Some of the proposed features will be dropped to bring the cost down from Rs. 185 crores to Rs. 110 crores


  • Officials feel that the cash-strapped MCD could not afford such huge expenditure that former Commissioner Rakesh Mehta had proposed
  • Running behind schedule the project is expected to be complete by June this year

    NEW DELHI: After the exit of former Municipal Commissioner Rakesh Mehta, the cash-strapped Municipal Corporation of Delhi has now started the process for making its controversial slaughterhouse project -- Delhi Food Processing Complex (Meat) -- at Ghazipur in East Delhi "financially viable" by bringing down its cost from Rs.185 crores to Rs.110 crores.

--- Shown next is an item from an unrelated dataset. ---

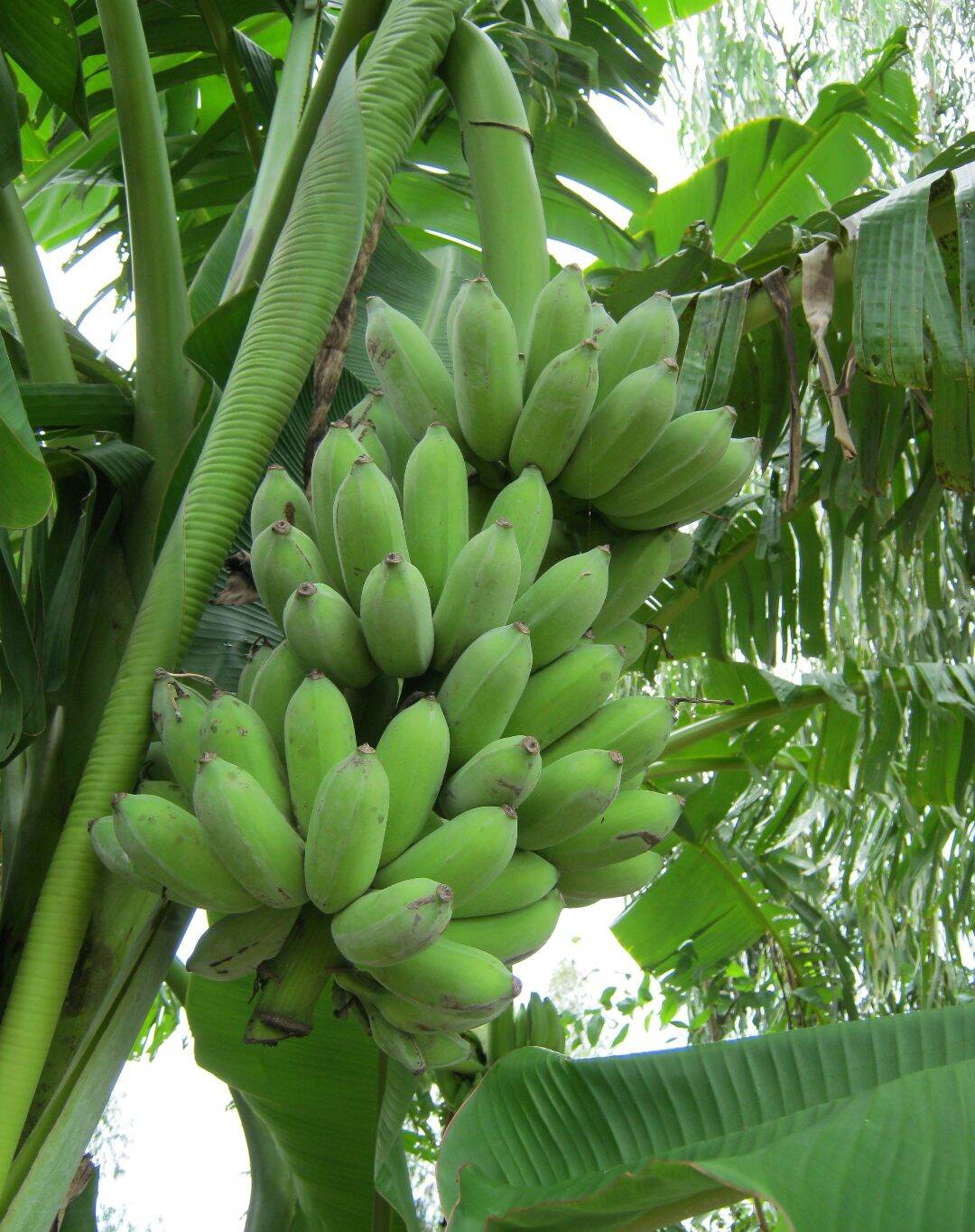 1Kg- Chuối xiêm xanh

    Senior civic body officials involved in the ambitious project since the beginning are busy trying to find out ways that could bring down the cost. And they have already identified at least two specific areas of the project that they think could be done away as they see it as wasteful expenditure for the MCD. This includes procurement of refrigerated vans for transportation of processed meat and setting up a chain of cold storage across the city for storing it hygienically.

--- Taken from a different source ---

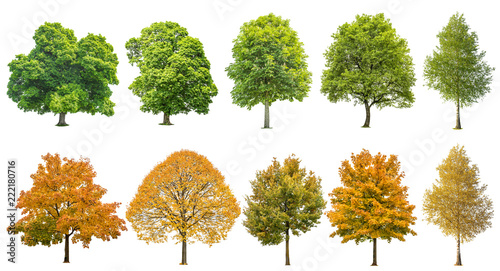Autumn summer trees isolated white background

    The officials feel that the civic body could not afford such expenditure worth crores that Mr. Mehta had proposed during his tenure that had led to escalation of the cost of the project, spread over 80 acres and comprising a mechanised abattoir, a rendering plant and an effluent treatment plant with a capacity to handle 5,000 animals daily. And now a serious thinking on the issue is presently under way, they added. "Though certain avoidable parts of the project have already been completed. But we intend not to include some other features that will help us bring down the cost," said an official.

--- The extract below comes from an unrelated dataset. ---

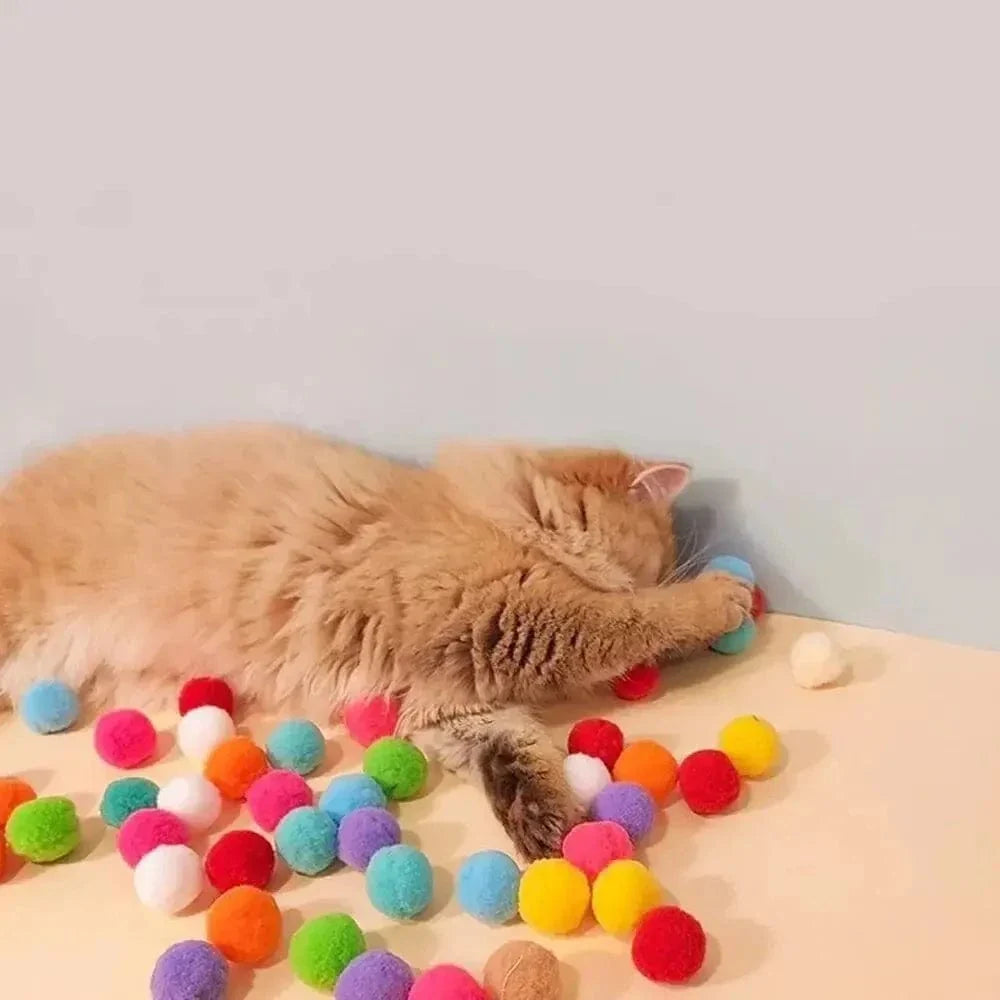 Lanceur de balle chat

    Significantly, initially the hi-tech abattoir was to come up at 200-year-old Idgah and was later shift to Ghazipur after the Supreme Court's intervention. As its capacity was enhanced, the project cost first went up from Rs.65 crores to Rs.110 crores and then to Rs.185 crores after Mr. Mehta included some other features in the project. Though the Centre and the Delhi Government is financially assisting the MCD in the abattoir's construction, corruption charges by various quarters of the civic body are also making officials wary.

    A senior official conceded that Mr. Mehta showed keen interest in the project, but now the zeal is missing since the new Commissioner A. K. Nigam took over. However, after the recent Supreme Court indictment of the MCD regarding the delay in the project, it has set up a high-power committee that will now be observing the construction work besides opening an office at the site itself.

    "Mr. Mehta had said that the abattoir would be opened by the end of December 2005. However, after he left, the work got delayed. We are two months behind schedule, mainly due to reshuffling of some officials involved in the project, and the project is now likely to be completed by June 2006," he added.